◆ **Problem requirements**: Please retype the whole listing so that it matches the original exactly.

◆ **Materials provided**:
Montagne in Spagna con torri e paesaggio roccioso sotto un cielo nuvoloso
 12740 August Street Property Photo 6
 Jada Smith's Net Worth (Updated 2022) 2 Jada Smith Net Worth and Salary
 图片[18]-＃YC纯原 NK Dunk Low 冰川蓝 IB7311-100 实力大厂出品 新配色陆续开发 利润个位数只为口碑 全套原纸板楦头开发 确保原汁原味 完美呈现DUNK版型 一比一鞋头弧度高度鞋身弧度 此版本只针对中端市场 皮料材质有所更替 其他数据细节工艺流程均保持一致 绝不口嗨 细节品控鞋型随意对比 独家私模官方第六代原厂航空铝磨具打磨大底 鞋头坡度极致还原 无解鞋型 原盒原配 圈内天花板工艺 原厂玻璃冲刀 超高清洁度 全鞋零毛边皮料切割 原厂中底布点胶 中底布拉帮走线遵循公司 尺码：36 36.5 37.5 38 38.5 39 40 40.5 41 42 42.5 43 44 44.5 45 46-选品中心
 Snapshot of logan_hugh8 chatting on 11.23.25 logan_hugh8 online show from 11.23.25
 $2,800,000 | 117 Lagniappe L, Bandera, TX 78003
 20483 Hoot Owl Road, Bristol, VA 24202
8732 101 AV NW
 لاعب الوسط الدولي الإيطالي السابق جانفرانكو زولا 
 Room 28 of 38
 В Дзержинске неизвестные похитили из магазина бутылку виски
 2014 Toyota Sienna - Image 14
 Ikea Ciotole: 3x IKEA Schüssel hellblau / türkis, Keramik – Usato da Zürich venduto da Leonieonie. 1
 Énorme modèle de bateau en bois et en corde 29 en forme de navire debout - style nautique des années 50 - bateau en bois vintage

◆ **Solution to the exercise**:
Montagne in Spagna con torri e paesaggio roccioso sotto un cielo nuvoloso
 12740 August Street Property Photo 6
 Jada Smith's Net Worth (Updated 2022) 2 Jada Smith Net Worth and Salary
 图片[18]-＃YC纯原 NK Dunk Low 冰川蓝 IB7311-100 实力大厂出品 新配色陆续开发 利润个位数只为口碑 全套原纸板楦头开发 确保原汁原味 完美呈现DUNK版型 一比一鞋头弧度高度鞋身弧度 此版本只针对中端市场 皮料材质有所更替 其他数据细节工艺流程均保持一致 绝不口嗨 细节品控鞋型随意对比 独家私模官方第六代原厂航空铝磨具打磨大底 鞋头坡度极致还原 无解鞋型 原盒原配 圈内天花板工艺 原厂玻璃冲刀 超高清洁度 全鞋零毛边皮料切割 原厂中底布点胶 中底布拉帮走线遵循公司 尺码：36 36.5 37.5 38 38.5 39 40 40.5 41 42 42.5 43 44 44.5 45 46-选品中心
 Snapshot of logan_hugh8 chatting on 11.23.25 logan_hugh8 online show from 11.23.25
 $2,800,000 | 117 Lagniappe L, Bandera, TX 78003
 20483 Hoot Owl Road, Bristol, VA 24202
8732 101 AV NW
 لاعب الوسط الدولي الإيطالي السابق جانفرانكو زولا 
 Room 28 of 38
 В Дзержинске неизвестные похитили из магазина бутылку виски
 2014 Toyota Sienna - Image 14
 Ikea Ciotole: 3x IKEA Schüssel hellblau / türkis, Keramik – Usato da Zürich venduto da Leonieonie. 1
 Énorme modèle de bateau en bois et en corde 29 en forme de navire debout - style nautique des années 50 - bateau en bois vintage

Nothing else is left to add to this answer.